+++ RECORD EXTRACTS +++
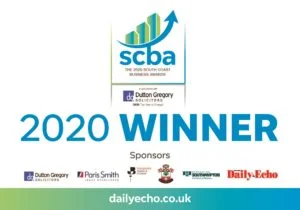 Business leader of the year 2020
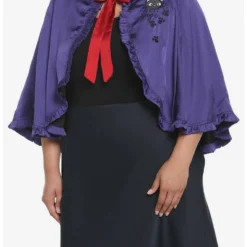 Best Sale 🌟 Her Universe Studio Ghibli Kiki's Delivery Service Jiji Capelet Plus Size 🥰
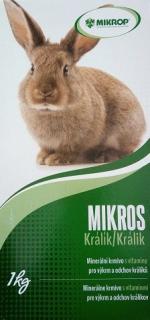 Mikros králík 1 kg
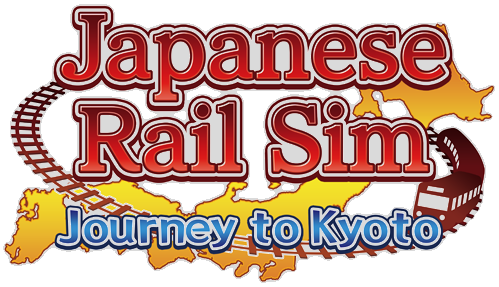 Simulación ferroviaria japonesa: logotipo de Journey to Kyoto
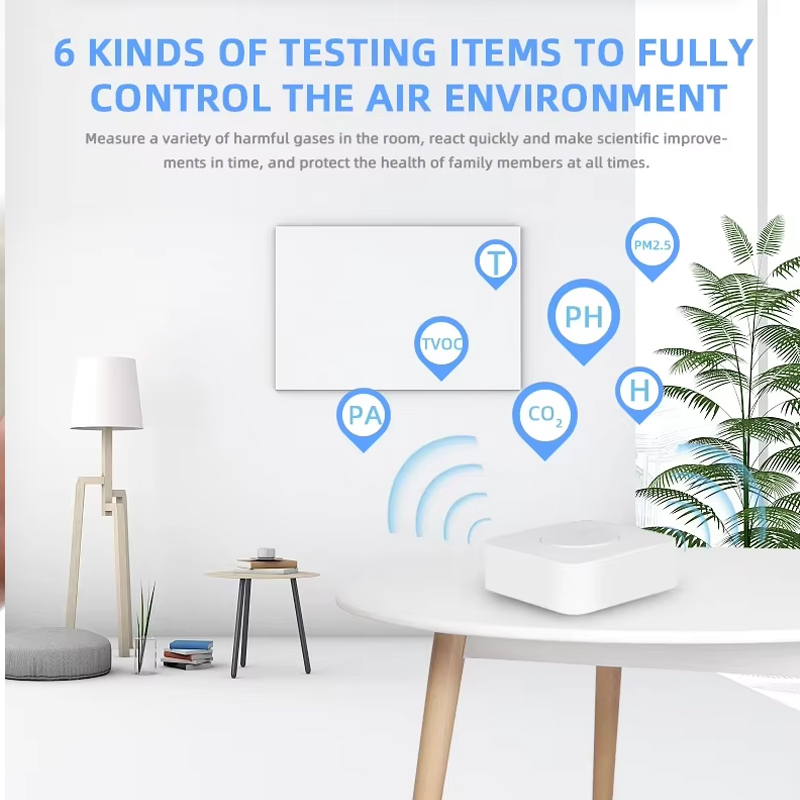 Tuya ZigBee/WiFi Air Quality D - Smart Home Box recensie en prijs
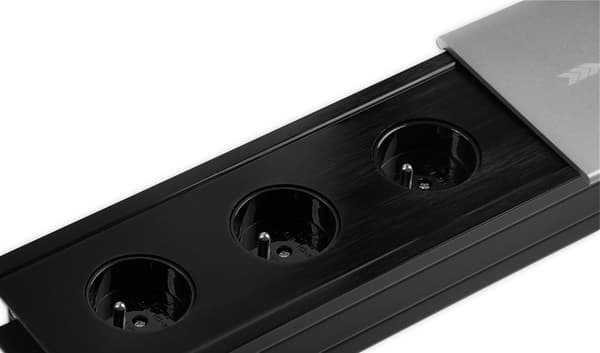 Spacetronik SPS-S33S glidende bordpladefatning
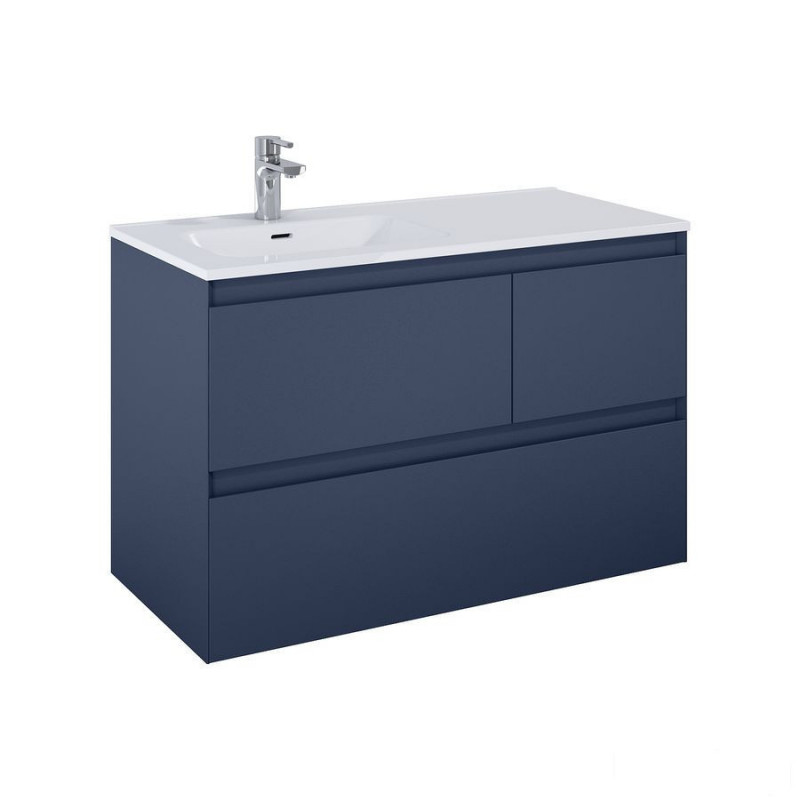 Szafka podumywalkowa 100 (3S L) Split navy blue mat Elita (RE011006157030)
+++
● **TASK BRIEF**
In the data above, find the line with "Spacetronik SPS-S33S glidende" and repeat it and every line after it through the end, exactly; leave the pictures out.

● **SOLVED PROBLEM**
 Spacetronik SPS-S33S glidende bordpladefatning
 Szafka podumywalkowa 100 (3S L) Split navy blue mat Elita (RE011006157030)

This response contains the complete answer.